This makes RTF files a good document format for communicating with others via
email. However, some macro viruses attempt to intercept saving a file as an RTF
file and instead save it as a DOC file with an RTF extension. Users can catch
this trick by first reading the file in a simple text editor like Notepad. DOC
files will be nearly unreadable, while RTF files will be readable.
Top
Scanner A scanner is a virus detection program that searches for viruses. Also
see: anti-virus software, on-demand scanner, on-access scanner. Top
Sector viruses See: boot-sector infector, master boot-sector virus. Top
Self-encrypting virus Self-encrypting viruses attempt to conceal themselves from
anti-virus programs. Most anti-virus programs attempt to find viruses by looking
for certain patterns of code (known as virus signatures) that are unique to each
virus. Self-encrypting viruses encrypt these text strings differently with each
infection to avoid detection. Also see: self-garbling virus, encrypted virus.
Top
Self-extracting files A self-extracting file decompresses part of itself when
executed. Software authors and others often use this file type to transmit files
and software via the Internet since compressed files conserve disk space and
reduce download time. Some anti-virus products may not search self-extracting
file components. To scan these components, you must first extract the files and
then scan them. Top
Self-garbling Viruses A self-garbling virus attempts to hide from anti-virus
software by garbling its own code. When these viruses spread, they change the
way they are encoded so anti-virus software cannot find them. A small portion of
the virus code decodes the garbled code when activated. Also see:
self-encrypting virus, polymorphic virus. Top
Shared Drive A shared drive is a disk drive available to other computers on the
network. Shared drives use the Universal Naming Convention (UNC) to
differentiate themselves from other drives. Also see: mapped drives. Top
Shareware Shareware is software distributed for evaluation without cost, but
that requires payment to the author for full rights. If, after trying the
software, you do not intend to use it, you simply delete it. Using unregistered
shareware beyond the evaluation period is pirating. Top
Signature A signature is a search pattern—often a simple string of characters or
bytes—expected to be found in every instance of a particular virus. Usually,
different viruses have different signatures. Anti-virus scanners use signatures
to locate specific viruses. Top
Slow infector Slow infectors are active in memory and only infect new or
modified files. Also see: fast infector. Top
SMTP SMTP stands for Simple Mail Transport Protocol. It is the Internet email
delivery format for transmitting email messages between servers.
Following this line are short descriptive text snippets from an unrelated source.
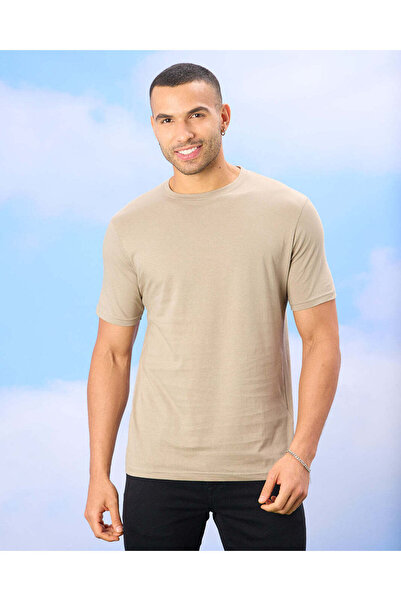 REDTAG Men Beige Basic Solid T-Shirt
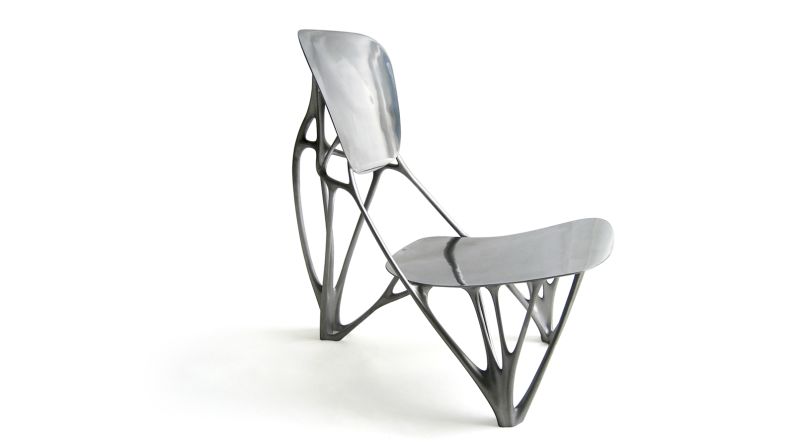 This chair was created with algorithms that mimic bone growth. Using a large volume of computer-generated calculations, Laarman's program systematically adjusted and strengthened the chair's design.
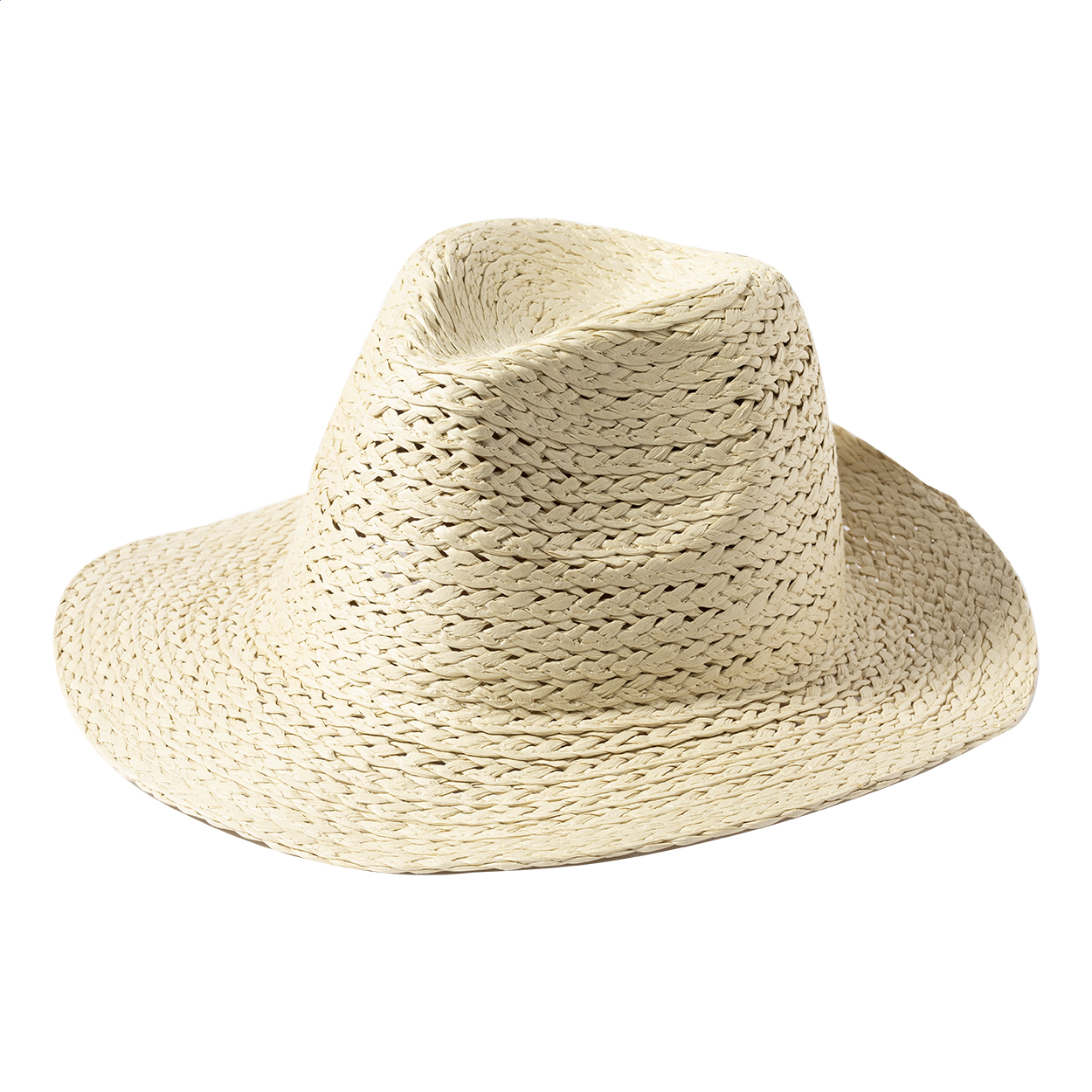 Cappello unisex in fibra di paglia sintetica e fascia interna regolabile — gadget promozionale personalizzabile con il tuo logo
Top
Sniffer A sniffer is a software program that monitors network traffic. Hackers
use sniffers to capture data transmitted over a network. Top
Spam Spam is unsolicited or undesired bulk electronic messages. There is email
spam, instant messaging spam, Usenet newsgroup spam, web search-engine spam,
spam in blogs, and mobile phone-messaging spam. Spam includes legitimate
advertisements, misleading advertisements, and phishing messages designed to
trick recipients into giving up personal and financial information. Top
Spam Filter A spam filter is a program used to detect unsolicited email to
prevent spam from making it to a user's inbox. Filters use heuristics, keyword
scans, whitelists and blacklists, and other processes. The filters are placed on
email and ISP servers, in anti-spam software, and in anti-phishing browsers.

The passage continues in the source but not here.